会社を辞めてフリーになるのですから、今の仕事より得られるものが多くなければいけません。独立すれば柔軟性や自由、金銭的な自立が得られると思っているかもしれませんが、そうなるには、以下のような方法で、最初から強固な基盤を築く必要があります。

クライアントに間違った期待をさせない


福利厚生の不要な私たちは、クライアントにとって都合のいい社員のように扱われがち。でもプロとして、自分の成果は自分でコントロールしてください。つまり、クライアント要件にどう優先順位を付けて進めるか、進捗報告の手段と頻度、クライアントにあなたの仕事を認めてもらう方法などは、自分で決めるべきなのです。あなたは、自分の仕事を商品として扱うべきです。素晴らしい商品は、その製造過程と納品に一貫性がなければなりません。

アウトソースする


「この価値を提供できるのは自分だけだろうか」と自問してください。多くのフリーランサーが、請求書発行や簿記、支払いなどの業務を自分でやっています。これはかなりの時間と労力を無駄にします。また、アウトソースの経験を増やしておけば、将来的に二次下請けや従業員を雇用するときに役に立つでしょう。

請求額を増やして仕事量を減らす


価格を2倍にすれば、仕事を半分にしても生活水準が変わらないことにお気づきでしょうか? 自分の健康と幸せのために時間を使えずに、燃え尽きていくフリーランサーが多すぎます。いつも疲れ果てていることは、誇るべきことではありません。生きるために働くのであって、働くために生きるわけではないのです。目標とするライフスタイルや収入に合わせて、ビジネスを構築しましょう。まずは、請求金額を上げることから始めてください。

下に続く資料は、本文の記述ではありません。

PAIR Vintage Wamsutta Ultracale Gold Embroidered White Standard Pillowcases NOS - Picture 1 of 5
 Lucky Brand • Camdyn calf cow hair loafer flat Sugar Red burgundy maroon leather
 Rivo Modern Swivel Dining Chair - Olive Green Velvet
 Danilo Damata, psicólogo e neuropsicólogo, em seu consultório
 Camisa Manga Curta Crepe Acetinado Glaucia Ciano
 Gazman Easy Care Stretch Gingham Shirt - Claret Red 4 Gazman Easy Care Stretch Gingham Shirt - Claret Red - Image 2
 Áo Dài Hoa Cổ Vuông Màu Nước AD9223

以上が、私がフリーに転身したときに犯した失敗を基にした、対応策です。独立を考えている一人でも多くの人に参考にしてもらえたら幸いです。私は幸運にも、タイミングよく素晴らしいクライアントと巡り合うことができました。支払いが遅れることもほとんどありません。

でも、このようなケースは例外です。多くのフリーランサーが、支払いの遅いクライアントに泣き寝入りしたり、自分や家族のための時間を取れずにいたりと悩んでいます。今は、フリーになるのは簡単な時代。だからこそ、失敗をしないように注意深く最初の一歩を踏み出してください。あなたの成功を祈っています。グッドラック!